[[ Dataset, beginning ]]

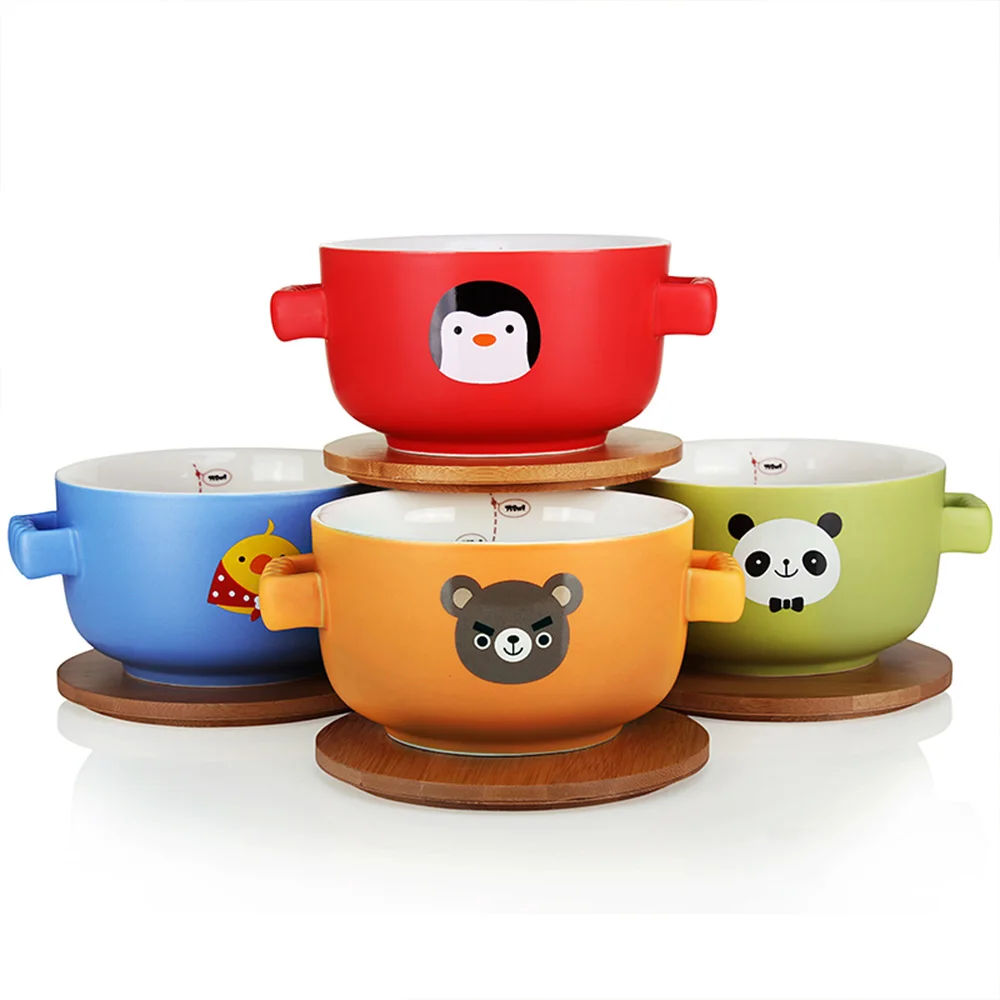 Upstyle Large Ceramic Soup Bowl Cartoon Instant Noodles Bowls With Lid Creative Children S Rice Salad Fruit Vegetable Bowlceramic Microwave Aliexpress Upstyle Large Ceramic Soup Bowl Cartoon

[[ Dataset, end ]]
[[ Dataset, beginning ]]

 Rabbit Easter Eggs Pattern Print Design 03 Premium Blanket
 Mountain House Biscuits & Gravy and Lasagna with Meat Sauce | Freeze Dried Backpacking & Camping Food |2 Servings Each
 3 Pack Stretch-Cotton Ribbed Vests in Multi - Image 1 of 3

[[ Dataset, end ]]

— Exercise —
Transcribe, exactly and without additions, the lines of the records above, beginning with the line that contains "Mountain House Biscuits" and ending with the line that contains "3 Pack Stretch-Cotton", both included.

— Response to this task —
 Mountain House Biscuits & Gravy and Lasagna with Meat Sauce | Freeze Dried Backpacking & Camping Food |2 Servings Each
 3 Pack Stretch-Cotton Ribbed Vests in Multi - Image 1 of 3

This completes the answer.